Module-file format (DRAFT)

Tue Jan 19 21:57:27 PST 2010

> Date: Tue, 19 Jan 2010 21:09:32 +0100
> From: Reinier Zwitserloot <reinier at zwitserloot.com>

Thanks for your thorough comments -- replies below.

> * Should SectionSize/SectionFileHeader.usize/csize also join
> ModuleFileHeader.u/csize and become u8 instead of the current u4?

It's difficult to imagine a module-file section being larger than 4GB.
I upgraded the ModuleFileHeader size fields in order to accomodate the
theoretical maximum, not because I think that anyone will actually go
and create multi-gigabyte module files in practice.

> * Should SectionHeader include a new u2 'version' field? analysis for this
> issue:
> 
> If an individual section type gets an update, then either the entire module
> file format needs a version rev, which means all dependent tools immediately
> stop working with it until they also upgrade their code. This is a bad thing
> if the section's type identifies it as something that is irrelevant for a
> certain module file processor. Alternatively, the section can rev itself by
> picking a new FileConstants.ModuleFile.SectionType, but this will surely
> lead to haphazard type ids or a risk of running out of type ids if each id
> claims lets say 100 slots for potential future versioning. Even if this is
> not a problem, a dependent tool that is looking for, say, an "Author
> Information" section will get confused and fail with an error 'module file
> is missing author information', even though the actual problem is that the
> author information block is present as a version too new for the tool to
> understand. If the version of a section was separate, then the tool could
> correctly report that the relevant section is stored in a version that's too
> new for the tool to understand.

I'd like to see more use cases before adding this level of complexity.

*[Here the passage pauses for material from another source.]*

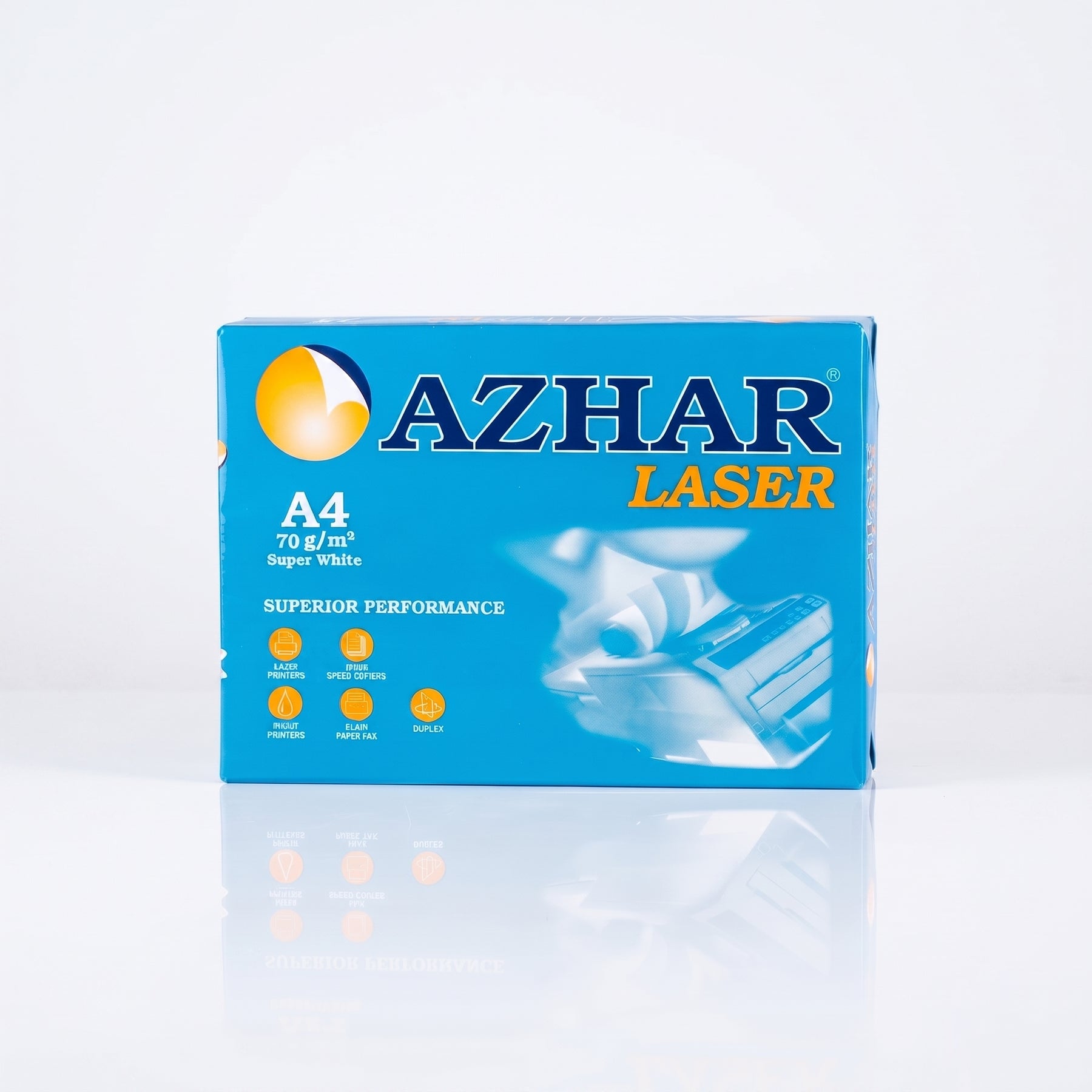 Rame papier A4 Azhar Lazer 70g 500 feuilles - Papier imprimante et photocopie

A better place for the data in an "author information" section is likely
to be the module-info file itself, in the form of annotations.

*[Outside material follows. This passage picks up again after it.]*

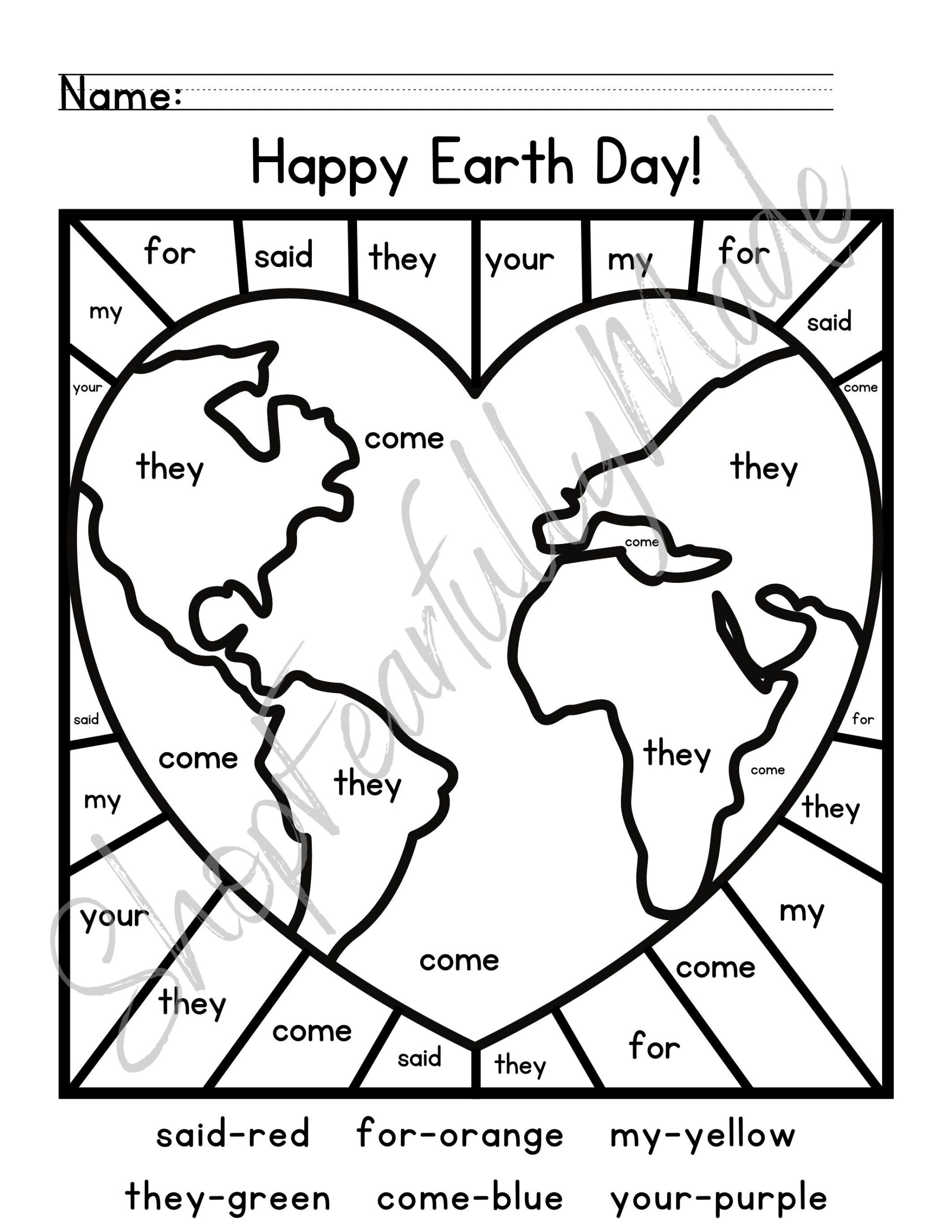 earth day coloring pages preschool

> * What's the point of having multiple different hash algorithms? I presume
> the hash is simply a mechanism to assert that the file has not been tampered
> with or corrupted during transit, and possibly as a quick way to identify a
> given module file as having remained unchanged, and that it isn't intended
> to fulfill the rule of a signature like signed jars (if that does get added
> to the module file format, I'd presume this will occur via a new section,
> and not via the hash section).

Most digital-signature information would go into a new section, assuming
we store it in the file.  Signatures could, however, leverage the hashes
already specified.

>                                analysis for this issue:
> 
> Every so often a hash algorithm gets cryptographically compromised. ...
>                                                        ... There's a fix for
> that, though: Rev the version of the module file format itself, and dictate
> a new hash algorithm in the new version.
> 
> The hash is something everyone basically needs to adhere to; if it is to
> have any significant security impact, _ALL_ tools that read module files
> should, with strong preference, check it and refuse to process module files
> with a bad hash. However, if there's a smattering of different hash
> algorithms available, this is going to make writing these tools far more
> difficult. ...
> 
> Seems simpler to me to just dictate hash algorithm with the understanding
> that if it is ever compromised, the module file format itself will rev up a
> version to fix it.

It's already the case that the module-file format version must be bumped
if a new HashType is defined, since existing readers won't understand the
new type.  In other words, the HashType enum in the FileConstants class
already constrains the supported hash algorithms.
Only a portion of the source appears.